Exercise -
Reproduce the entries below exactly, but only from the line containing "LED Light Therapy" to the line containing "USB Coffee Mug", inclusive.
:: Input records ::
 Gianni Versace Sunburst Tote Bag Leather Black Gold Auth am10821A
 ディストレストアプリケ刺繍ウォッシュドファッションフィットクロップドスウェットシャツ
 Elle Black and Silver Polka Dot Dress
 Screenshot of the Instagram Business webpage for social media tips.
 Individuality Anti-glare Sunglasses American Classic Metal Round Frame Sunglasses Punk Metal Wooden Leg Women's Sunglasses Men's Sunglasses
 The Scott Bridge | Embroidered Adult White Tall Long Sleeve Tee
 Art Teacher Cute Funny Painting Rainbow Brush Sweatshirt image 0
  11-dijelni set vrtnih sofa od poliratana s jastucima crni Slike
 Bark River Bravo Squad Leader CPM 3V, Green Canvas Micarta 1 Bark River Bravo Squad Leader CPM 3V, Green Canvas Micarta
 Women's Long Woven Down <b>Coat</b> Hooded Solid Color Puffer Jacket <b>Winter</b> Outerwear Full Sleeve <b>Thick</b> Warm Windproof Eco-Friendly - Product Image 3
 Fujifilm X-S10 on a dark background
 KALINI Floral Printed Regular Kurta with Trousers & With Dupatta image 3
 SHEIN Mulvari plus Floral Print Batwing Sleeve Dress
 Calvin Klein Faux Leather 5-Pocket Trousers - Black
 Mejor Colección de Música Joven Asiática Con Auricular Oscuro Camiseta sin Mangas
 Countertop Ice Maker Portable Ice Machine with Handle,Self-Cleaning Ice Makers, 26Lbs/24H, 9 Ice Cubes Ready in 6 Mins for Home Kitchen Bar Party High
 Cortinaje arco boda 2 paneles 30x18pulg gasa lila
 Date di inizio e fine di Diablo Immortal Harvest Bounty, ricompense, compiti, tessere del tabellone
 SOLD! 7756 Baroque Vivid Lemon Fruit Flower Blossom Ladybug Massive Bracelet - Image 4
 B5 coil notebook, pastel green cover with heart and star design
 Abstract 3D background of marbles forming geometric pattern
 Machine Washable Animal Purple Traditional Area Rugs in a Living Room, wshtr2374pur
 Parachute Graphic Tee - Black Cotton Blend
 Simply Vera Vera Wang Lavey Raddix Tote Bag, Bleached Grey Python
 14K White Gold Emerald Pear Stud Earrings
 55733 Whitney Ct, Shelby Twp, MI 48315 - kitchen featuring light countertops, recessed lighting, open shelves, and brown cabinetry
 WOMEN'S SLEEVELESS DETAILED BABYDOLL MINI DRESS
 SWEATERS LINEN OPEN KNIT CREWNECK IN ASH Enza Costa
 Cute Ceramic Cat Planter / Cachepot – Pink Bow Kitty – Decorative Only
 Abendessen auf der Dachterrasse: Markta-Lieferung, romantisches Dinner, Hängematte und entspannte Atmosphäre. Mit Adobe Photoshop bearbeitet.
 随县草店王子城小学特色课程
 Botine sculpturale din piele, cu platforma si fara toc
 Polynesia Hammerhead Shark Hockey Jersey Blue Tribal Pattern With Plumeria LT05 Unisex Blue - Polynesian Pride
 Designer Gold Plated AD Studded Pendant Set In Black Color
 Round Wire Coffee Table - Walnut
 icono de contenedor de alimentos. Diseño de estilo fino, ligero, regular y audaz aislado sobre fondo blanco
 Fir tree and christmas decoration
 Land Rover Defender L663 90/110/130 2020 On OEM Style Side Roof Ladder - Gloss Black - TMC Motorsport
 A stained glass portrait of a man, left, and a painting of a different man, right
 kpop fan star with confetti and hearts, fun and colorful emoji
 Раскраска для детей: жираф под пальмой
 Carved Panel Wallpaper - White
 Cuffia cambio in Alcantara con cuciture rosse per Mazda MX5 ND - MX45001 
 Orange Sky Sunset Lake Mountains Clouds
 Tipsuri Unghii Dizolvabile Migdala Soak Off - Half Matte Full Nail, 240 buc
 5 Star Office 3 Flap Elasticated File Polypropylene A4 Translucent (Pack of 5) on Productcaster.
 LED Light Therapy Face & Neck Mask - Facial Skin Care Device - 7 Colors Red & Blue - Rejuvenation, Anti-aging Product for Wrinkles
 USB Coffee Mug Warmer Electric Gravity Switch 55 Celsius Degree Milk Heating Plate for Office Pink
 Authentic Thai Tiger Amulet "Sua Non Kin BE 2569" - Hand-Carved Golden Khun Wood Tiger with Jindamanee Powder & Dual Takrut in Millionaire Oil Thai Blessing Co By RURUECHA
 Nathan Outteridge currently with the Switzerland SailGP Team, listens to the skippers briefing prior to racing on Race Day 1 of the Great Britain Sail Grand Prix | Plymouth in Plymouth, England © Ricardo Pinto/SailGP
:::
Written response -
 LED Light Therapy Face & Neck Mask - Facial Skin Care Device - 7 Colors Red & Blue - Rejuvenation, Anti-aging Product for Wrinkles
 USB Coffee Mug Warmer Electric Gravity Switch 55 Celsius Degree Milk Heating Plate for Office Pink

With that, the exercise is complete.